I fired another round into the animal's earhole when I had the chance a second or so later, which stopped the thrashing instantly. I felt the others dodging benches and other obstacles to come look at what I had shot.
“The rats must have nests in here,” muttered Sarah.
“No, no rat-nests in here, but there are rat-nesting sites nearby,” said the soft voice. “Witches might take a while to catch on to what is happening up here once they start showing in earnest, but the rats will try to provide company on a regular basis.”
“Hence plenty of practice,” I said. “These little, uh, pop-guns do stop rats passably, as this one wasn't up to doing much after I hit it the first time, and I shot it in the ear to silence it.”
“Yes, and I think I want what I've been using as well as one of those pistols,” said Deborah. “If there are going to be witches showing here, then I think I will wish to sleep as I did at Boermaas.”
“How was that?” I asked.
“A brass sheet and neck piece under my sleep-clothing, and a fresh-honed knife in each pocket,” said Deborah, “and a fowling piece, once Sarah had gotten one for me, on its strap within easy reach.”
“Did anyone tell you how I slept on the trip?” I asked softly, as I began looking around further. This room was sufficiently large that I really wanted a good lantern, or better yet, 'Old Sole' and three more like him, so as to look the place over. Rodents would be infrequent visitors during daylight hours, and that level of light would make both rats and witches easier targets for those working here.
“We want a map of this place anyway,” I murmured. “Sarah, anyone – is there a ledger handy?”
“Here,” said Sarah, handing me a larger ledger she had been carrying in her satchel. “Why, will you wipe it?”
I said nothing, only put my palm on the ledger and softly asked God for all the guidance we needed so as to use this set of rooms so as to do as he wished. The ledger shook under my hand, and Sarah nearly screeched.
“Here, shine that light on this thing,” she said in tones of fear. “It's gotten bigger, and...”
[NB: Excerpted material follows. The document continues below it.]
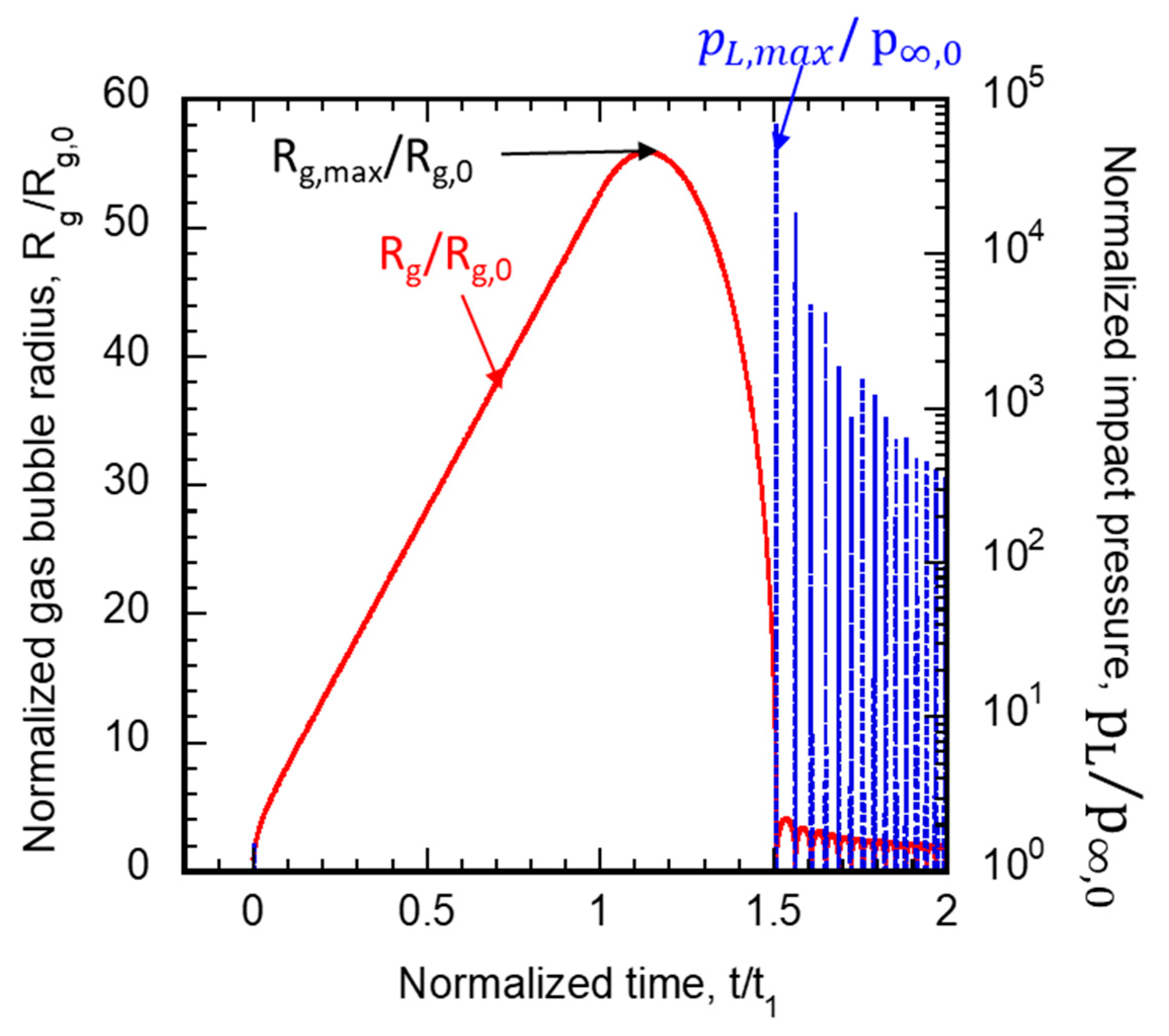 Fluids 10 00003 g009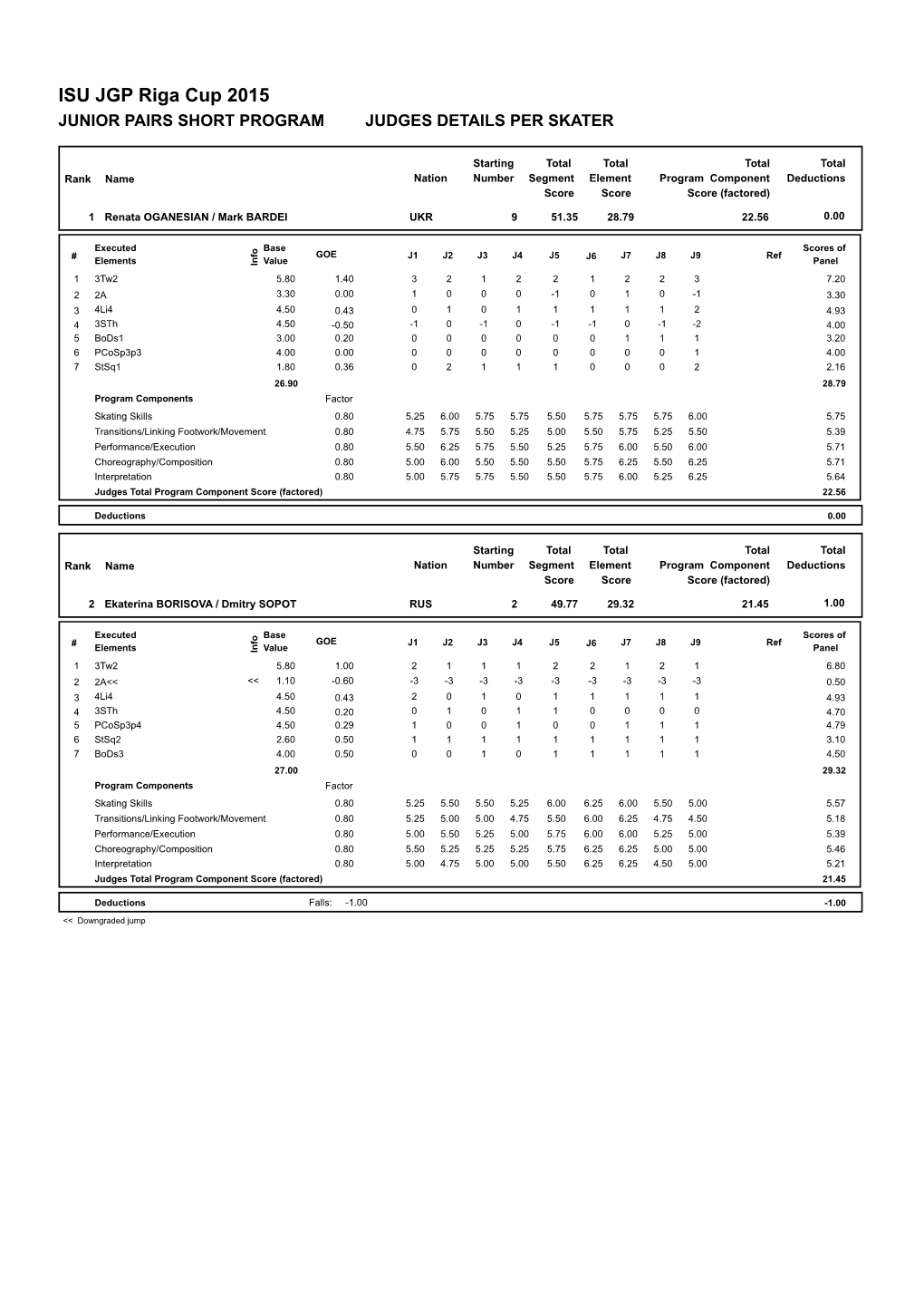 ISU JGP Riga Cup 2015 JUNIOR PAIRS SHORT PROGRAM JUDGES DETAILS PER SKATER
“Just like that one set of plans,” said Deborah. “Those tones of green and brown fit for hiding in a forest, and then those letters RCS with periods separating them.” A pause, then “what do those mean?”
“It's a secret of some kind, an old one,” said Sarah, “and we all hope to get answers across the sea.” Another pause, then, “I think we can go out of this place, as we know where it is and how to get in at least one way, and we know at least two of us...”
“You two need to try that door also,” said the soft voice. “It's not a normal marked door, one that requires something like what Dennis was given to work consistently.”
“I think I have an answer as to why, also,” I said, as I led back the way we came. “Either we all will need to get in there at least some of the time, or...”
“We all may need to hide ourselves in there,” said Deborah. “If as many witches are coming here as I think there might come, then we need to all be certain to open that door so as to hide from them should they come in a big black mass.”